» **Exercise**
Repeat the span of the entries below that starts at the line with "It's now finished" and ends at the line with "Notice, if I", nothing more. Skip the pictures.

» **Material provided**
▽

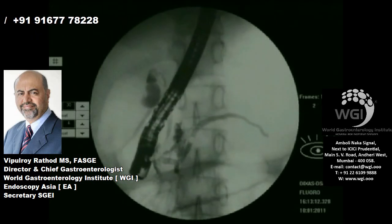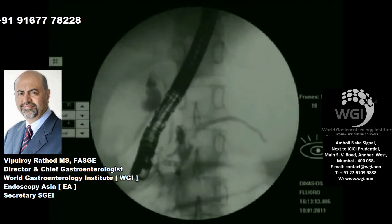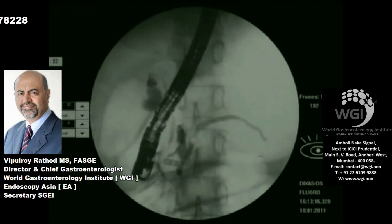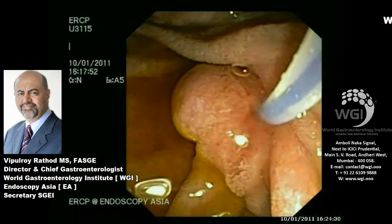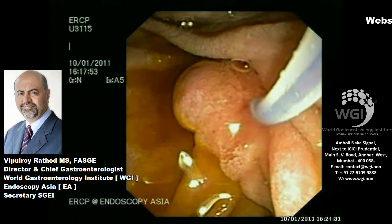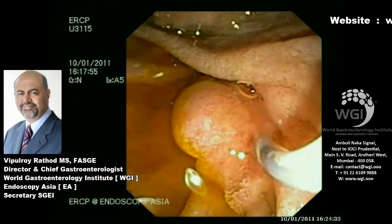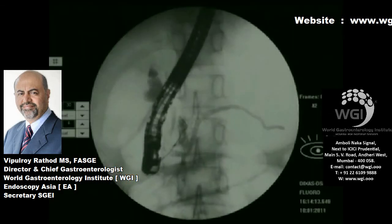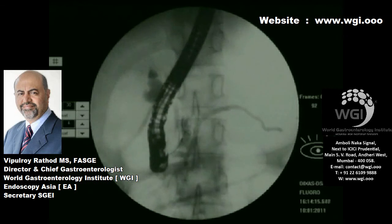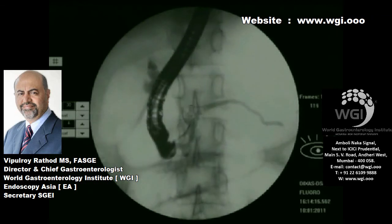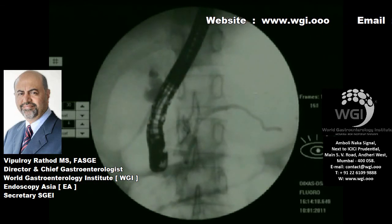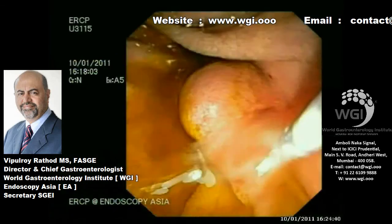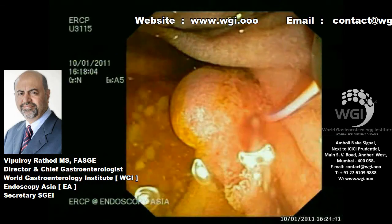When I inject contrast at the major papilla, you can see on the pancreatogram. We are leaving a stiffer guide wire in that portion of duct with stones, and we will try to see whether we can do some clearance. You can see some concrements coming out.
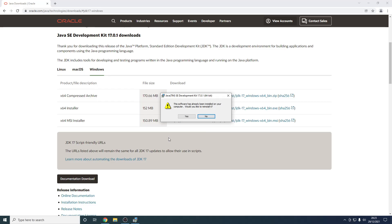As you can see, since I already have Java 17, it's giving me an error message saying this software has already been installed on your computer. However, since you're following this tutorial, this should not happen. I'm just going to reinstall this anyways so you can see the process. So I'm going to press yes. However, in your case, like I said, this shouldn't happen.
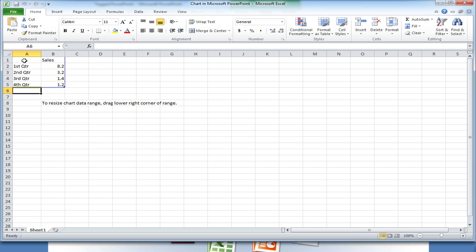An Excel file should pop up. Take note of how the range is laid out. We're going to try to replicate this in our new Excel file.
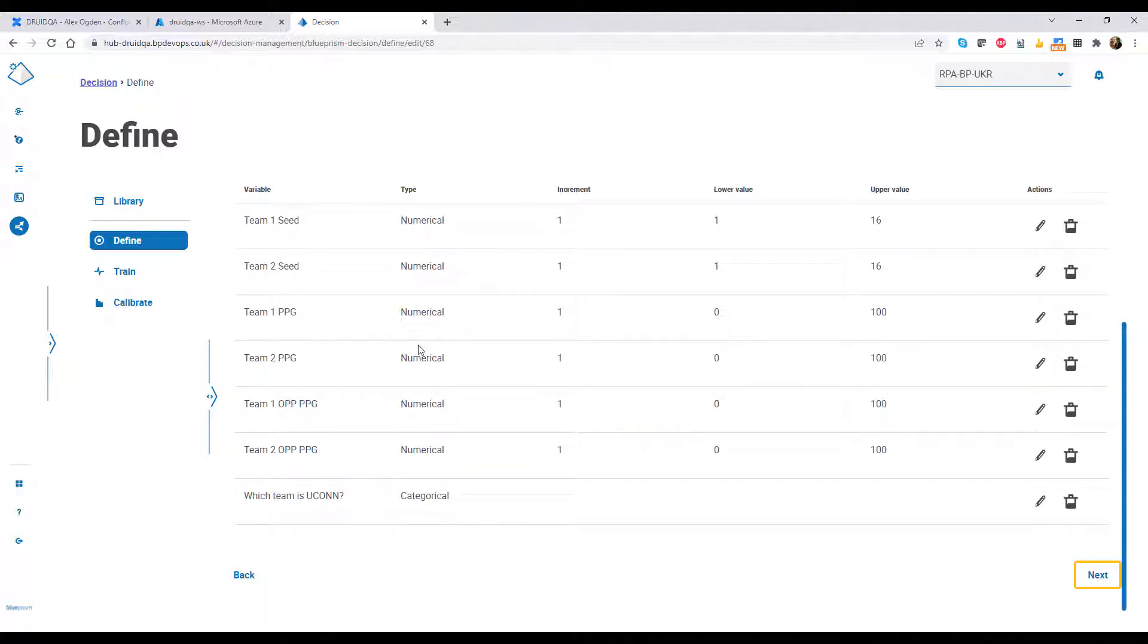In this case, each team's seed, average points per game, opponents points per game, and if either team is Yukon. More on that last one later.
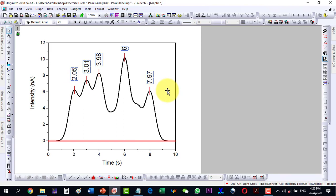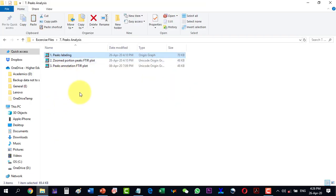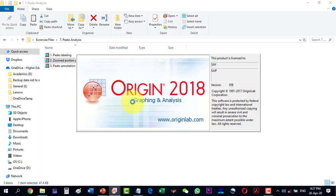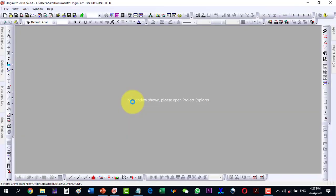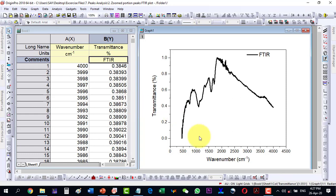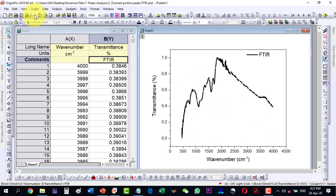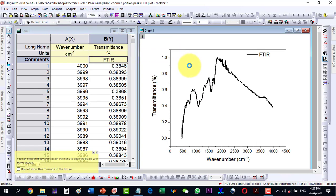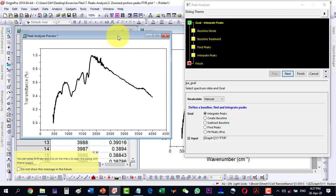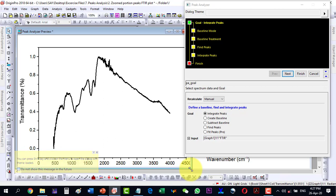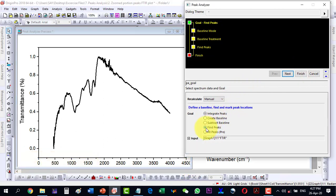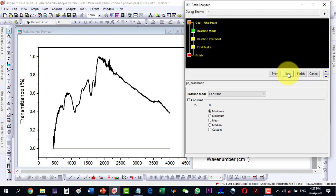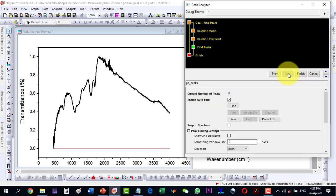This way we can find peaks in an Origin file. For a complex plot such as an FTIR plot where there are many oscillations, it is very hard to find peaks with auto-find. For example, I select this plot and go to Analysis, then Peaks and Baseline, Peak Analyzer, open the dialog, select Find Peaks, click next, keep the baseline as constant, and click next again.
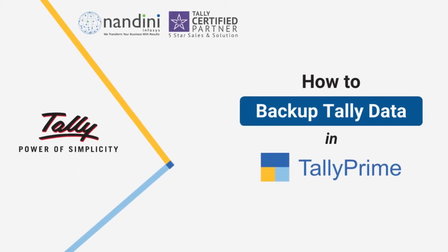Welcome to Nandini Infosys YouTube channel. In this video, you will learn how to take a backup of company data in Tally Prime.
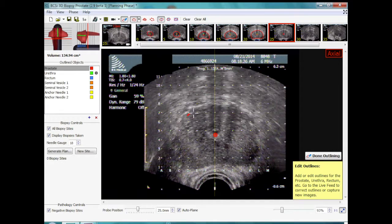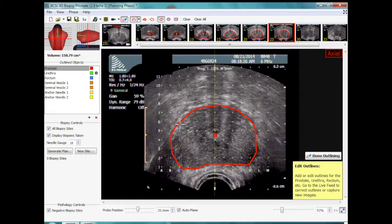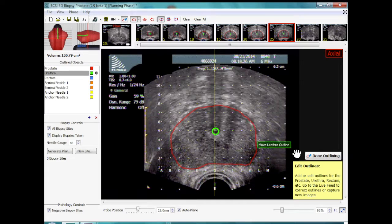This is a close-up view of the contouring. This is the sixth slice from base to apex being contoured. There are various options with the contouring tools allowing smooth or nodal contouring. You can always go back and adjust contours.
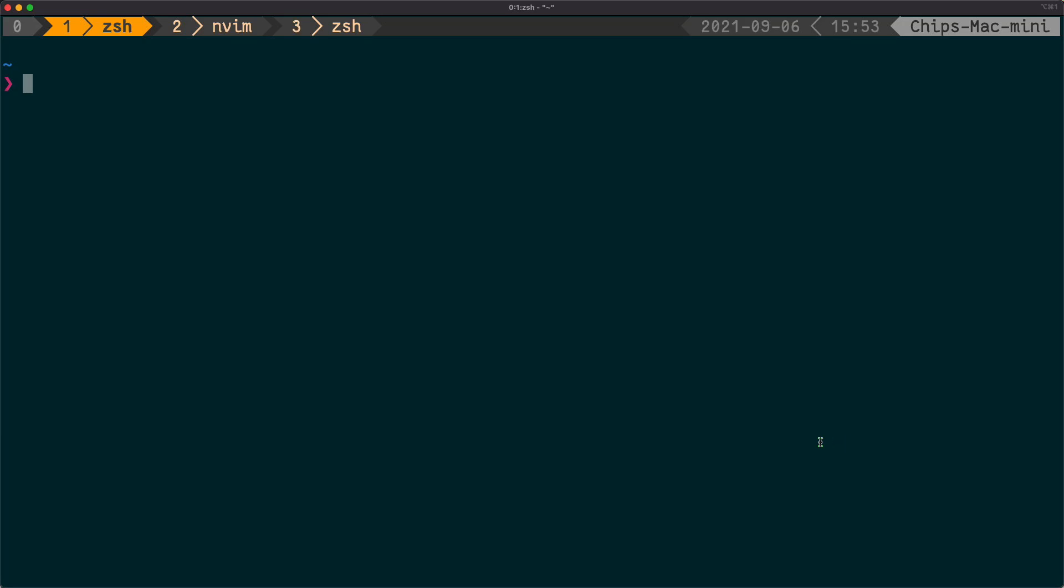Hey folks! Today I'm going to demonstrate an early version of a tool called Distant, and specifically its use in a plugin for NeoVim called distant.nvim.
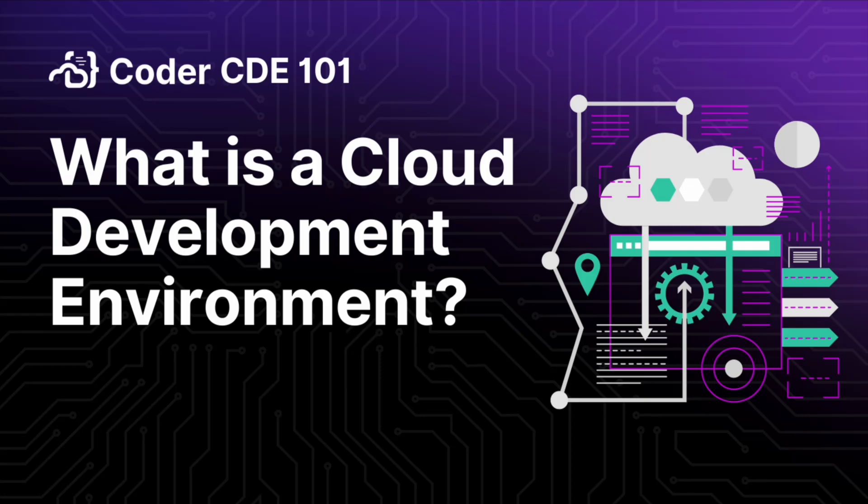Today, we are starting with the basics. What is a Cloud Development Environment, or a CDE for short?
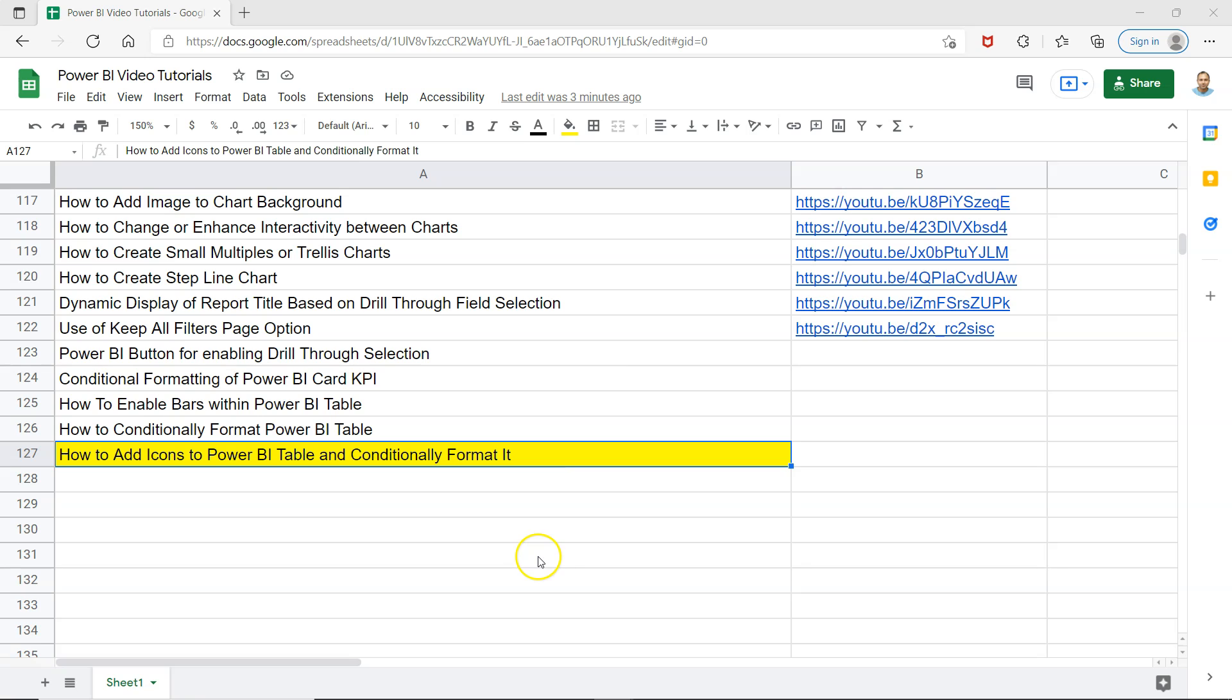This sheet is present in the description so that you can see all of my previously created videos or any future videos. You can quickly search it and jump to those using the links present here.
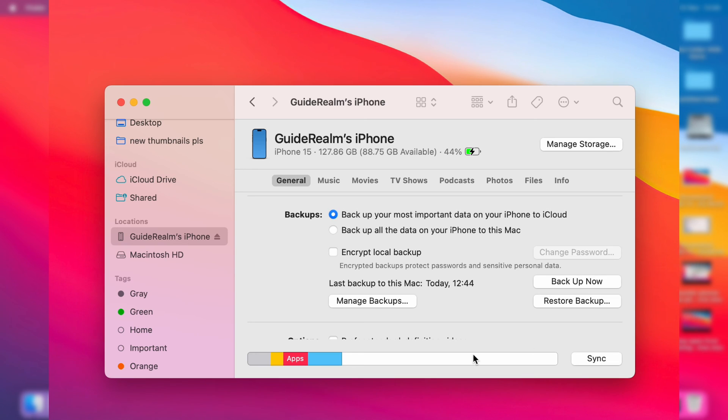It's now finished backing up, and as you can see, the last backup to this Mac was today at this time.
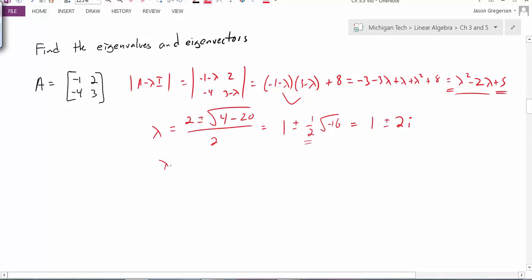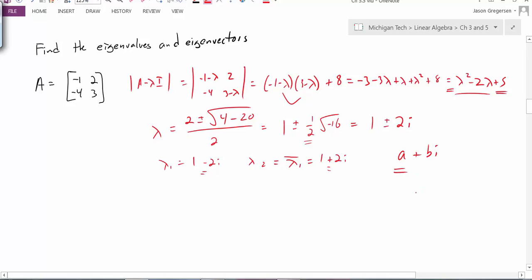Notice, if I have lambda 1 equals 1 minus 2i, I would have lambda 2 equal to the complex conjugate of the first eigenvalue — in this case, it's 1 plus 2i. The complex conjugate of a complex number has the same real and imaginary parts; they just have a different sign in front of that imaginary part. If I have a complex number that looks like a plus bi, I call a the real part and b the imaginary part. Note that the imaginary part is actually a real number — b is the imaginary part, not bi.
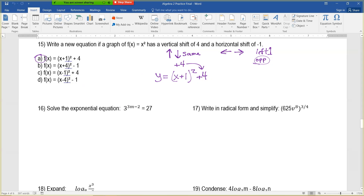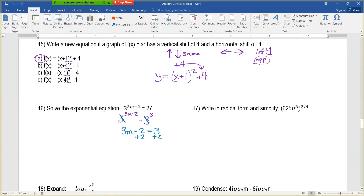Question 16: solve the exponential equation. To solve, get like bases. The left side has base 3; we can write 27 as 3 to the third power. So we have 3 to the power 3m minus 2 equals 3 to the third. Cancel the bases, leaving 3m minus 2 equals 3. Add 2 to both sides: 3m equals 5. Divide both sides by 3: m equals five-thirds.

△

» **Response area**
It's now finished backing up, and as you can see, the last backup to this Mac was today at this time.
Notice, if I have lambda 1 equals 1 minus 2i, I would have lambda 2 equal to the complex conjugate of the first eigenvalue — in this case, it's 1 plus 2i. The complex conjugate of a complex number has the same real and imaginary parts; they just have a different sign in front of that imaginary part. If I have a complex number that looks like a plus bi, I call a the real part and b the imaginary part. Note that the imaginary part is actually a real number — b is the imaginary part, not bi.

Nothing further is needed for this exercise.